Automatisation des contrôles sociaux : la Défenseure des droits met en garde

La lutte contre la fraude sociale, de plus en plus automatisée, doit s’effectuer tout en respectant les droits des usagers. C’est le message fort délivré par la Défenseure des droits, Claire Hédon, dans un rapport publié ce jeudi. À l’heure où les organismes de sécurité sociale et France Travail intensifient l’utilisation d’algorithmes pour cibler les contrôles, la question des conséquences sur les droits fondamentaux se pose avec acuité.

EN BREF

  • Claire Hédon alerte sur les risques des contrôles automatisés dans la fraude sociale.
  • Le rapport pointe des effets potentiels sur les droits des usagers et des risques de discrimination.
  • Une quinzaine de recommandations vise à encadrer l’usage des algorithmes dans les contrôles.

Dans ses déclarations, Claire Hédon a souligné que si une fraude est suspectée, c’est à l’organisme social de prouver la fraude, et non à l’usager de prouver son innocence. Cette inversion de la charge de la preuve soulève des interrogations sur la manière dont les contrôles sont menés.

Une automatisation à double tranchant

Le rapport met en lumière le développement rapide des systèmes automatisés, dont le but est d’améliorer l’efficacité des contrôles. Cependant, cette démarche est critiquée pour son manque de réflexion sur ses implications. En effet, l’utilisation d’algorithmes pour identifier les dossiers à contrôler entraîne des risques de discrimination, tant sur le plan de la vie privée que sur celui des droits des usagers.

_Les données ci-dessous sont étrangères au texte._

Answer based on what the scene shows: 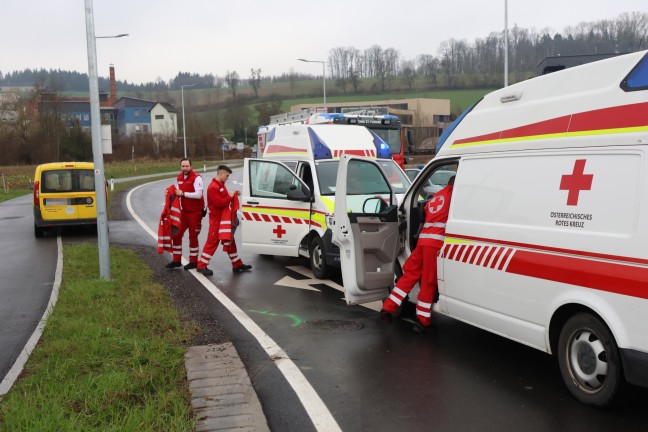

Les contrôles, souvent perçus comme intrusifs, peuvent créer un climat de suspicion permanente. Hédon a déclaré : « Il y a des risques d’atteintes à la vie privée avec ce qui est public ou non, notamment sur les réseaux sociaux. » Ce constat souligne l’importance de la transparence dans le processus de contrôle, afin que les usagers puissent comprendre les raisons qui motivent ces contrôles.

Recommandations pour protéger les usagers

Pour préserver les droits des usagers, le rapport de la Défenseure des droits propose une série de recommandations. Parmi celles-ci, l’encadrement strict des algorithmes, qui doit être précédé d’une analyse d’impact sur la protection des données personnelles. Des évaluations doivent également être menées pour mesurer les effets discriminatoires potentiels de ces outils.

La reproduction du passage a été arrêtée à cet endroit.